Interests and STEM learning out-of-school: Taking stock of technical and political dimensions
Speaker Series
Speaker
Dr. Flavio Azevedo, Ph.D, UT Austin, College of Education
ABSTRACT
For about two decades, I have been theorizing the nature of interests and interest-driven learning, mostly in/around STEM practices and disciplines, and in settings as diverse as hobby fields, the home, after-school programs, museums, and schools. Roughly, as with others who have studied these issues, the premise of this work is that engaging learners’ interests will lead to extended, self-sustained and deeply meaningful participation and learning in STEM. In this presentation, I begin by considering some key technical issues regarding the very character of interests (short- and long-term) and how one learns when in “interest mode.” As I follow STEM learning across settings, I then focus my analytical lens on to increasingly political dimensions of out-of-school, interest-driven learning and consider how these might inform STEM classroom practices.
BIO
Dr.
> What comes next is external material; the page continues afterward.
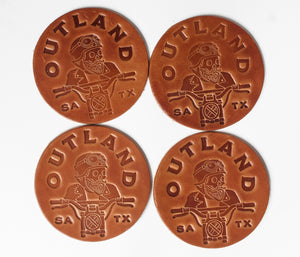 Outland Moto Leather Coasters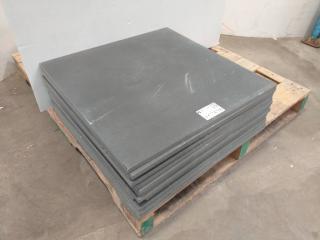 12 x Dark Grey Coloured Polished Bluestone Floor Tiles (4.32m²)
Flavio Azevedo is an Associate Professor in the Department of Curriculum and Instruction at the University of Texas at Austin. His research is grounded in the learning and cognitive sciences and it is organized into three intersecting strands-the nature of STEM interests and interest-driven participation, learning out of schools, and foundations of cognition and learning in STEM disciplines. Broadly, the construct of interests refers to the diverse ways people engage any given activity, so that pedagogies for interest development can be powerful pedagogies of inclusion. These three research strands are thus conceived to shed light on interest-driven learning across timescales and settings of STEM practice, in- and out-of-schools, as well as the socio-cultural and political contexts of such practices, as means to broadening participation in STEM and to intervening on mechanisms that (re)produce educational and social inequities. This work has appeared in publications such as the Journal of the Learning Sciences, Cognition and Instruction, Science Education, and the Journal of Mathematical Behavior.